Figure 2. Gel-mobility shift assays

a, Nondenaturing (8% polyacrylamide) PAGE image of aptamers linked on the 4HB and 5HB tiles. Lane M corresponds to a 25bp DNA marker. Lanes 1 to 14 correspond to 4HB-A1, 4HB-B4, 4HB-A1- B2 (2 nm), 4HB-A1-B3 (3.5 nm), 4HB-A1-B4 (5.3 nm), 5HB-A1-B4 (5.3nm), and 5HB-A1-B5 (6.9 nm), each 20 nM without (−) and with (+) thrombin (40 nM), respectively. The lower band in each lane represents the unbound tiles and the upper band in lane 6, 8, 10, 12 and 14 represents the tile/thrombin complex. b, The dependence of protein binding on the inter-aptamer distance. Here 20 nM 4HB or 5HB tiles containing both apt-A and apt-B with varying distances were incubated with 40 nM thrombin before they were loaded into the gel. The 16 percentages of bound DNA tiles were estimated from the relative intensity of the bands in the gel image shown in panel a. The filled bar and striped bars are data from the 4-HB and 5-HB tiles respectively. c, The binding of thrombin to the 4HB tile-based aptamer structures carrying one aptamer or two of the same or different aptamers. All tiles with two aptamers have the same inter-aptamer distance at 5.3 nm. Lane M corresponds to a 25 bp DNA marker. Lanes 1, to 10 correspond to 4HB-A1, 4HB-B4, 4HB-A1-A4, 4HB-B1-B4, and 4HB-A1-B4 without (−) and with (+) thrombin (40 nM). An upper band is only observed in lane 10 with 4HB-A1-B4 (same as lane 10 in panel a). d, Titration experiment showing more DNA tiles (4HB-A1-B4, 1 nM) are bound to the protein with increasing concentrations of thrombin. Lane M corresponds to a 25 bp DNA ladder. From this gel a 10 nM apparent K_D is estimated for the bivalent binding of thrombin to the two aptamers linked by a DNA tile at a 5.3 nm distance. e, Titration experiment for 4HB-A1 (lanes 1-7) and 4HB-B4 (lanes 8-14). Lane M is a 25 pb DNA ladder. From this gel, the apparent K_D for the two individual aptamers on the 4HB tile are estimated to be 20-50 nM and > 50 nM, respectively.
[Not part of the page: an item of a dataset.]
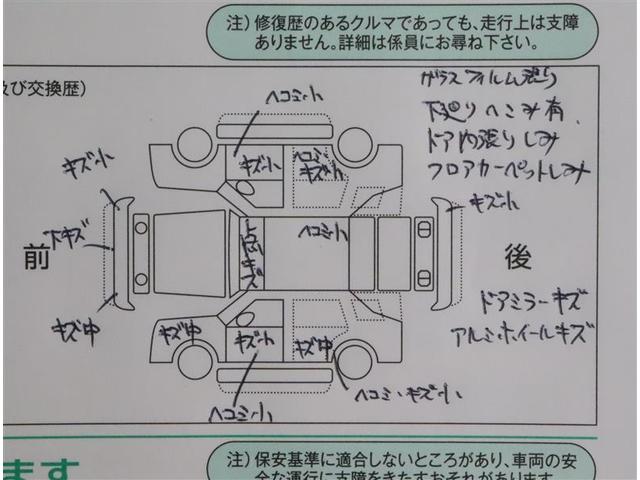 アエラス(6枚目)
Figure 3. Evaluation of bivalent binding by AFM

a, d, schematic drawings of two rectangular-shaped DNA origami tiles containing two lines of apt-A (green dots) and two lines of apt-B thrombin (blue dots). The neighboring lines of apt-A and apt-B are ~ 20.7 nm (marked line A and line B) and ~ 5.8 nm (line A+B) apart. We call the closely spaced lines the dual-aptamer line. An index is also included helping to verify the positions of the lines in the AFM images. b, e, AFM height 17 images of the DNA origami tiles (10nM) with 60 nM thrombin, corresponding to a and d, respectively. Zoom-in images are 150nm × 150nm. c, f, Charts of numbers of proteins binding on each aptamer line (observed from 60 arrays corresponding to a and d respectively). Bar A represents the number of proteins on the line of apt-A, bar B represents the number of proteins on the line of apt-B, and bar A+B represents the number of proteins on the bivalent dual aptamer line.